L’aspect idéologique

La politique menée par la gauche ne change rien à cette affaire. Elle
poursuit deux buts parallèles : limiter les possibilités d’émancipation
des enfants du peuple et les formater au maximum, leur faire avaler
que le capitalisme est le meilleur des mondes possible.
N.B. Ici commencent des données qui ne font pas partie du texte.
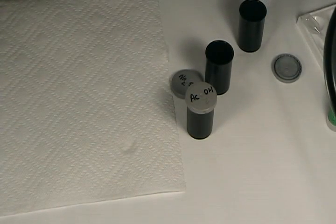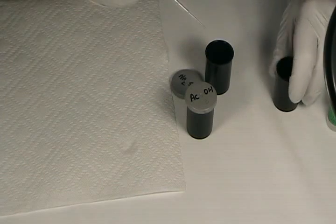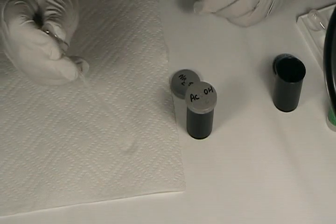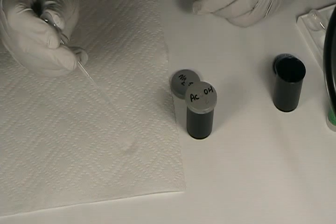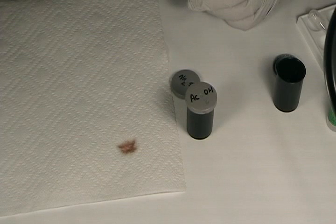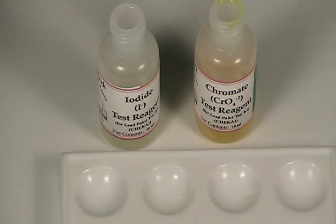Let's see how it reacts to our sulfide reagent. That has some serious lead in it. Based on the sodium sulfide tests, we suspect that this paint sample may contain lead, but we don't know for sure, because the sodium sulfide reagent can react with other materials to form a very similar brown stain.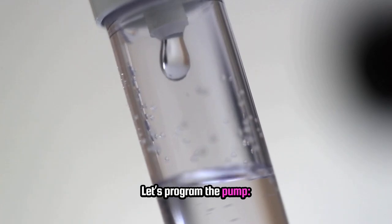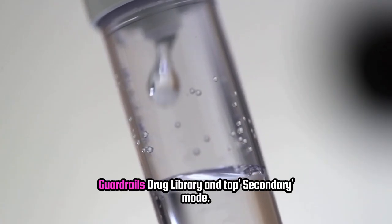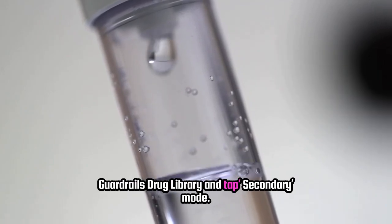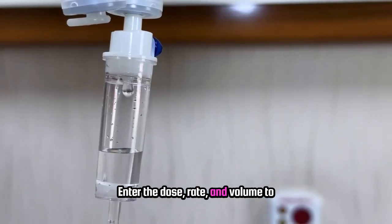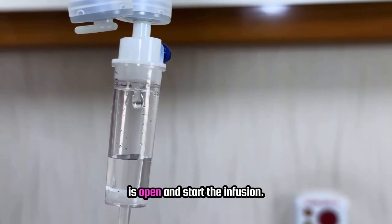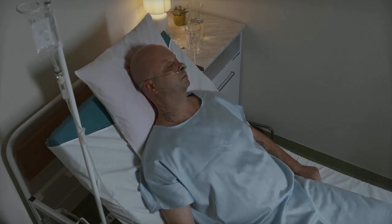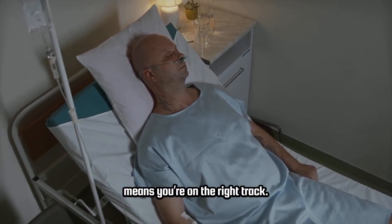Let's program the pump. On the Alaris 8100, choose the drug from the guardrails drug library and tap secondary mode. Enter the dose, rate, and volume to be infused. Then confirm your secondary clamp is open and start the infusion. You'll see 'secondary running' displayed, which means you're on the right track.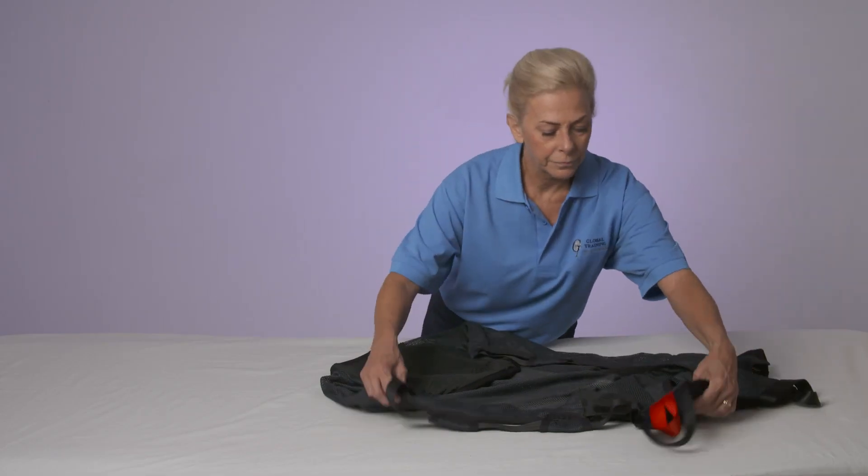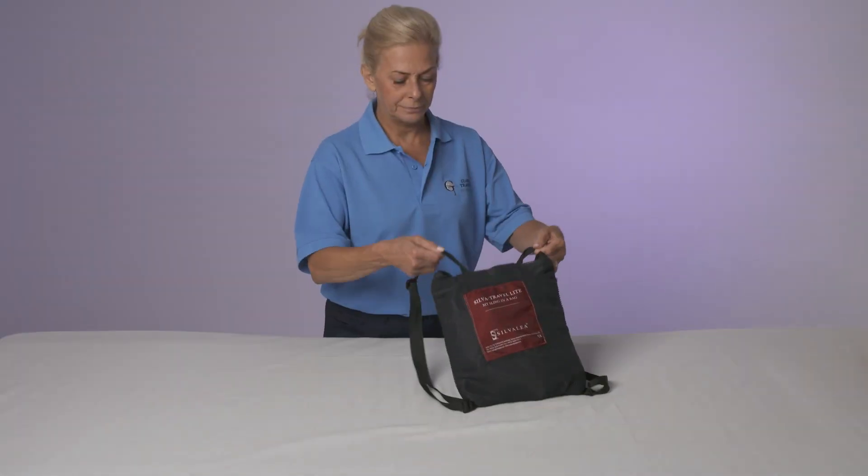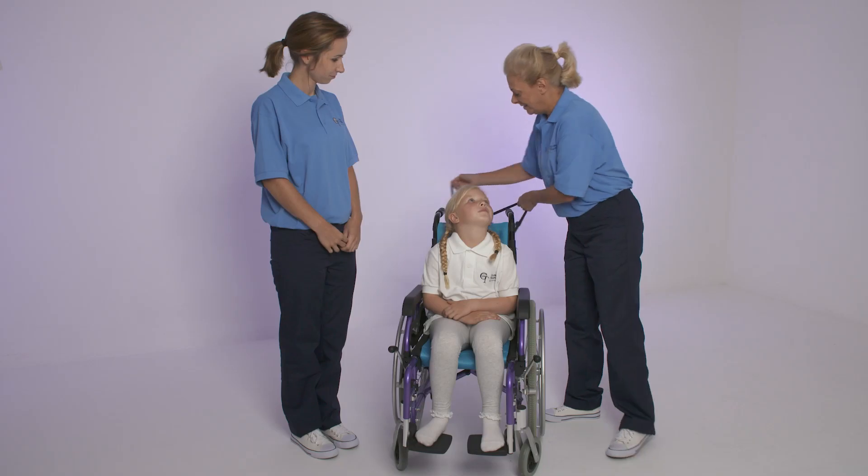Weighing just one kilogram, the versatile sling folds neatly to become a small self-contained bag. This can be worn as a backpack or attached to the wheelchair.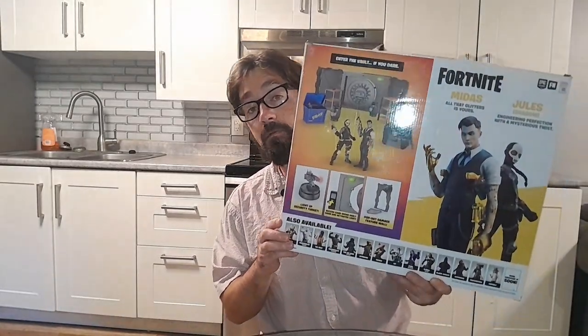How's it going everybody? We're here today and we're talking about this very cool 21-piece Fortnite set. If you can't already tell, this is the setup for the vault.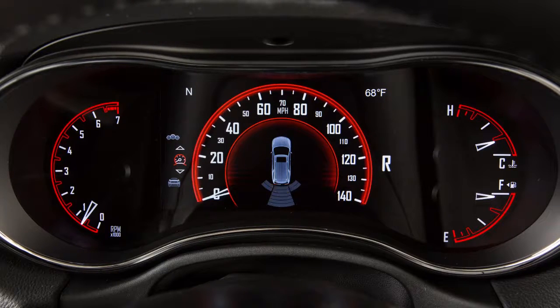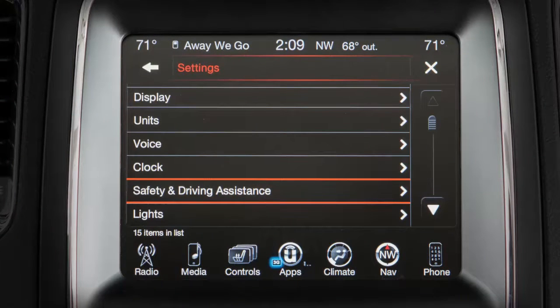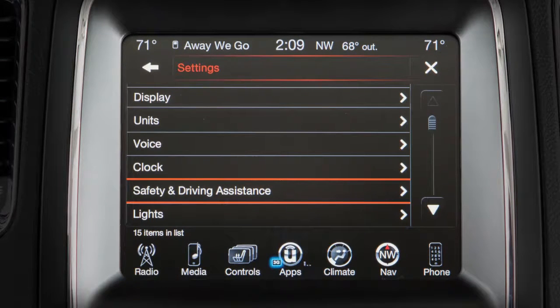If an object is detected, the system may automatically attempt to brake. You can turn this ParkSense braking assist feature on or off in the safety and driving assistance portion of your touchscreen settings.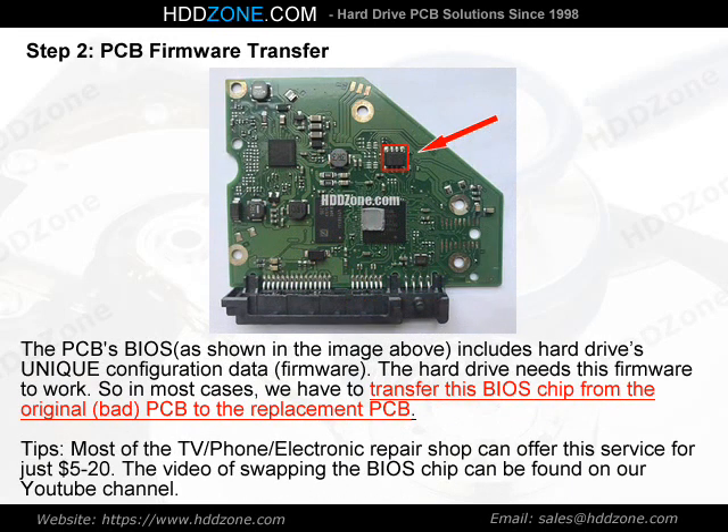Step 2: PCB Firmware Transfer. The PCB BIOS, as shown in the image above, includes the hard drive's unique configuration data — firmware. The hard drive needs this firmware to work. So in most cases, we have to transfer this BIOS chip from the original, bad PCB to the replacement PCB.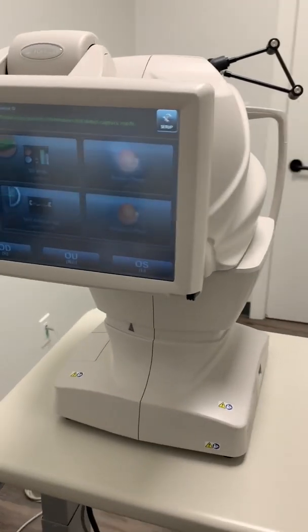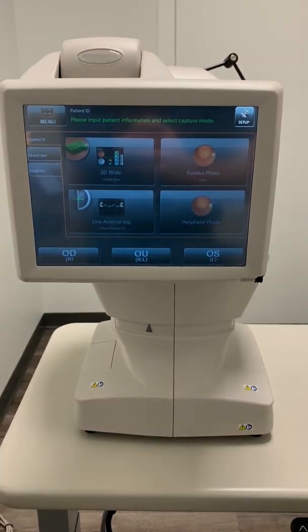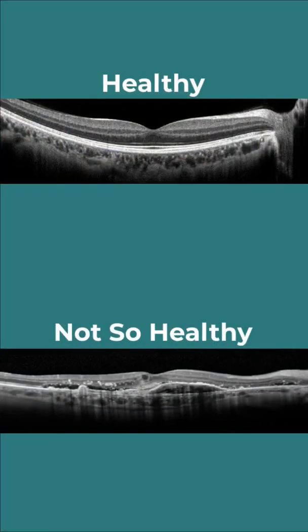The next piece is an OCT. In our clinic's case, our OCT and our retinal camera are two in one piece of machinery. With an OCT, it uses light to actually measure retinal thickness. Using those thicknesses, it has software that can put those together and give us a cross-sectional image of the retina. This helps us diagnose and manage eye diseases.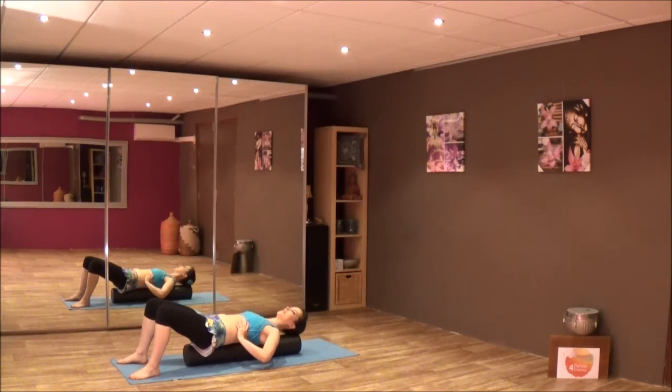Now the third breathing exercise — think lengthening. You're breathing into the top of your lungs and into your lower belly, so up and down at the same time. Inhale, lengthen. When you exhale, compress. Once more — lengthen and compress.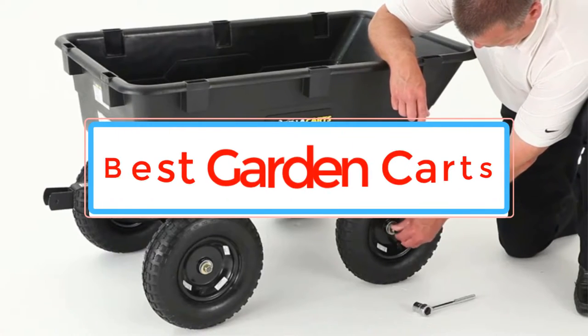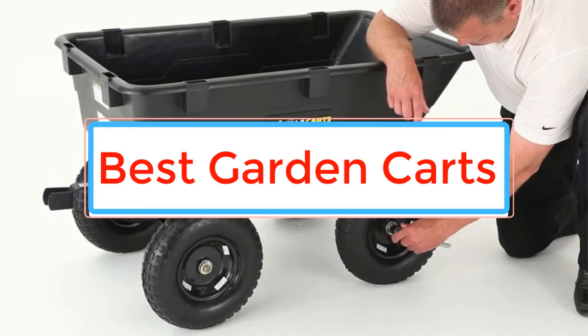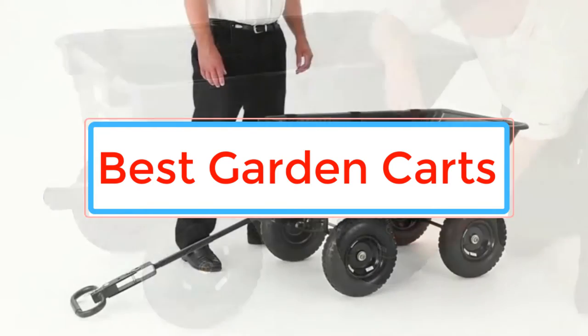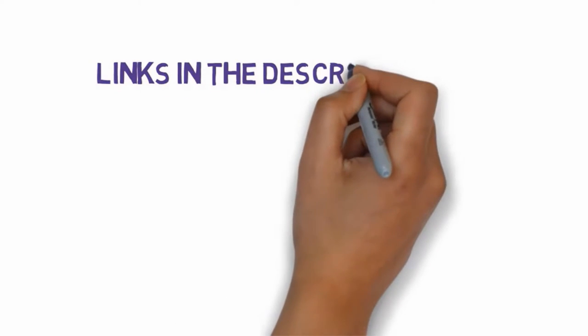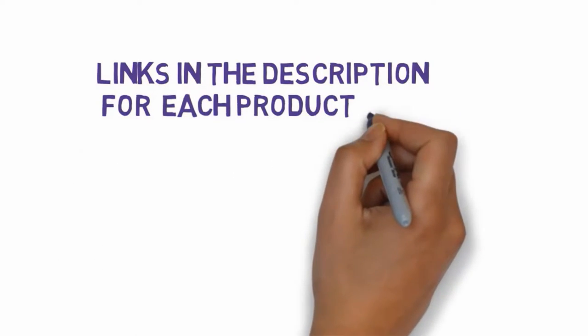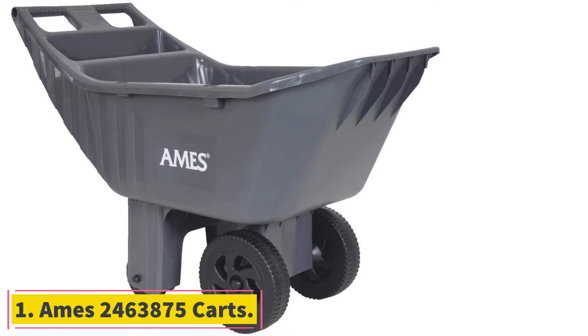Are you looking for the best garden carts? In this video we will look at some of the best garden carts on the market. Before we get started, we have included links in the description, so make sure you check those out to see which one is in your budget range. Starting at number 1.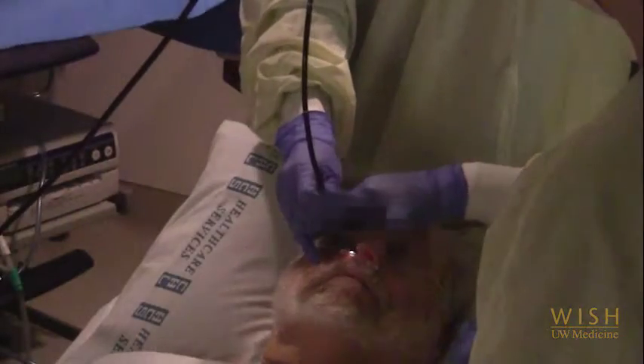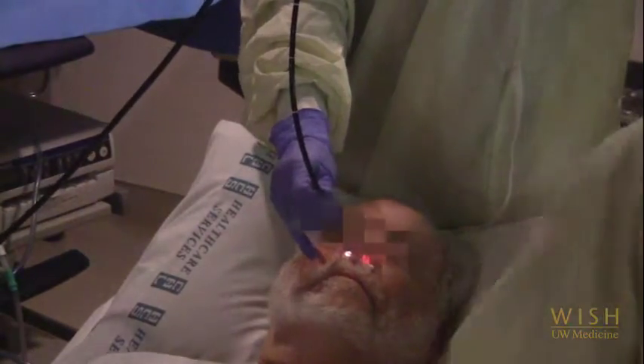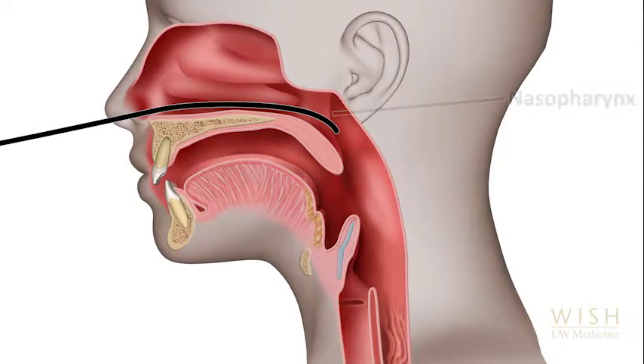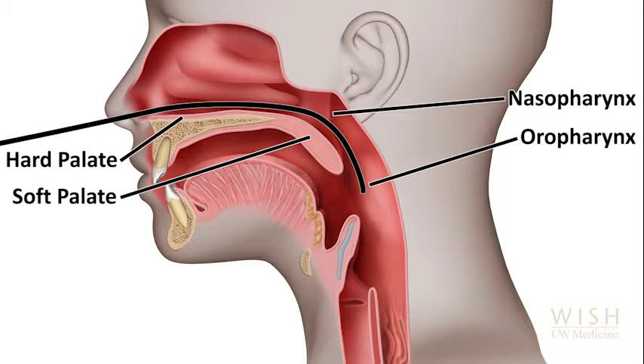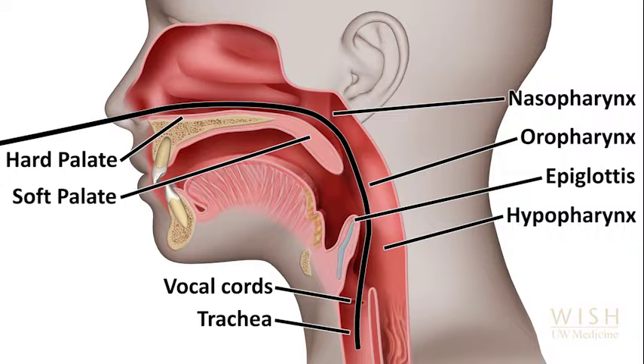You can see the bronchoscope being inserted into the right naris. The bronchoscope is pointing directly perpendicular to the face. The bronchoscope must navigate the nasopharynx, traveling parallel to the inferior turbinate. It passes over the hard and then the soft palate into the oropharynx, and then posterior to the epiglottis into the hypopharynx, before entering the trachea between the vocal cords. The scope will generally pass through the nose more smoothly if you keep your thumb on the control lever but don't direct the scope too much. Usually the tip will follow the correct path on its own, much like placing an NG tube.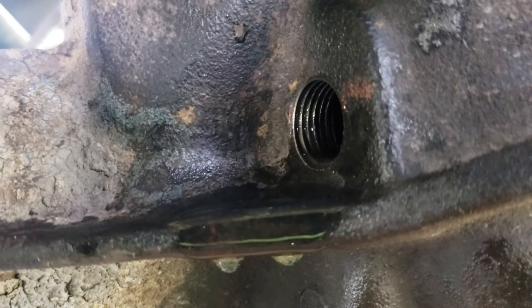For my application it takes one to three quarts of gear oil. You know you're full when you start seeing some of it coming out of the fill plug hole.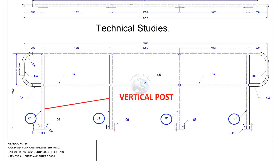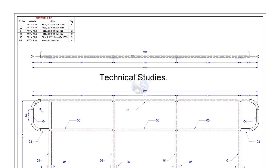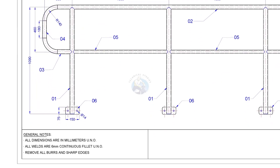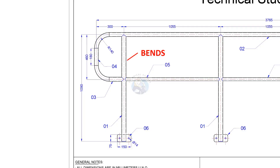There are four vertical posts. Top handrail. Four numbers, middle members. Knee rail. The attaching cleats. And the bends.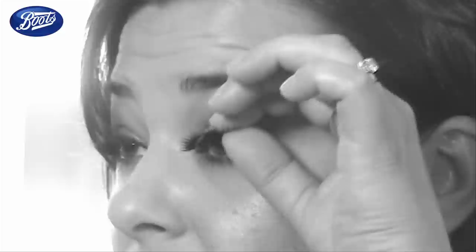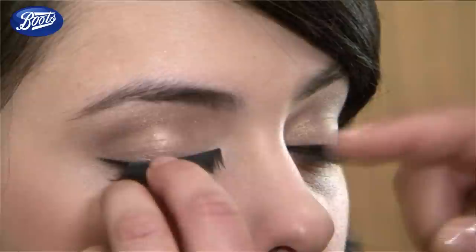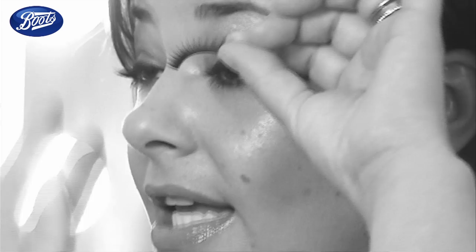The most common problem people have when applying eyelashes is they stick them to their lid. That just doesn't work because every time you blink, you're knocking them, and that's when they get in the way and become really annoying. To apply the perfect eyelash, apply the glue, give it a little wave, blow it to keep it slightly dry so it's slightly tacky, and then apply it downwards into the lash line — you're actually sticking the rim of the lash down the lash line. Give it a couple of minutes to make sure it's dried properly, and voila!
L’ensemble de la gauche politique n’arrête pas de nous rebattre
les oreilles avec la refondation de l’Ecole, comme si quelque
chose avait changé. Le principal outil de la formation de nos enfants
est le socle commun, créé par Fillon en 2005, enrichi par Darcos en
2008 et sacralisé par Peillon en 2013. C’est cette même volonté de ne
pas permettre aux enfants d’envisager tel ou tel savoir-faire dans sa
globalité, de lui permettre de s’y exercer, mais, au contraire de les
mettre dans la situation de futurs travailleurs ne maîtrisant qu’une ou
deux micro-compétences. Ce socle commun, c’est l’adaptation de
l’Ecole aux besoins actuels du patronat en France : des travailleurs peu
ou pas qualifiés.

C’est dans les nouveaux programmes de maternelle (déjà sortis) et
d’élémentaire (à venir) que l’on découvre concrètement ce que signifie
la décision politique d’empêcher l’émancipation des enfants. La lecture
est désormais conçue tout à fait officiellement non pas comme la
compréhension d’un message écrit mais comme la traduction d’écrit en
oral, quelque chose qui se parlerait. L’école a donc pour but de
fabriquer des gens qui n’auront plus le goût de lire, car l’activité sera
trop fastidieuse. La Bourgeoisie a toujours été réticente à mettre les
livres à portée des ouvriers, des salariés ou de leurs enfants : ils
ouvrent des horizons et permettent d’aider à trouver les clés du
fonctionnement du monde…

Nous avons ensuite droit à l’arrivée dans tout le parcours scolaire d’un
nouvel enseignement : celui de l’éducation morale et civique. Il n’est
pas difficile de comprendre ce que cela signifie : les enseignants sont
conviés à « transmettre les valeurs de la République », laquelle est
définie comme « laïque, démocratique et sociale » rien de moins. Ils
sont enjoints à la transmission et à la neutralité : ils doivent faire
avaler les valeurs du capitalisme sans esprit critique, sans même en
susciter chez les élèves. A noter que la charte de la laïcité, fournie cette
année avec les documents accompagnant les programmes d’EMC
commence par un article 1 qui dit entre autres : « La République
respecte toutes les croyances » avant de parler de combat contre, par
exemple, les discriminations. Si l’on compare, l’article 1 de la loi de
1905 dit lui « La République ne reconnaît aucun culte. » C’est assez
éclairant sur la conception qu’a ce gouvernement : il met de
côté la loi de 1905 et ne défend pas la laïcité, mais
l’œcuménisme ; nous passons de : « Vis ta religion dans ta sphère
privée uniquement » à « Pas d’offense aux religions à l’école ». Une
pierre de plus dans l’édifice idéologique d’insertion au système que
bâtit le parti au pouvoir.

Des ferments de lutte

Tout cela ne paraît pas bien encourageant. Pourtant, derrière cet état
des lieus se cache une volonté accrue de ne pas se laisser faire chez les
enseignants.

Dans le premier degré, les conditions de travail
dégradées ; le salaire bloqué depuis des années et l’impression d’avoir
un gouvernement qui se moque des salariés entraînent une ambiance
où la colère l’emporte sur la morosité. Le lien se fait plus facilement
qu’avant avec la situation économique et sociale en général, l’austérité
et le pacte de responsabilité. Un peu partout des grèves ont eu lieu le
jour de la rentrée pour obtenir des ouvertures de classe.
Dans les salles des profs et des maîtres, on évoque la journée
du 8 octobre qui verra peut-être une grève.

Cette rentrée se place sous le signe de l’austérité et du contrôle
idéologique renforcés, mais l’envie d’en découdre grandit aussi.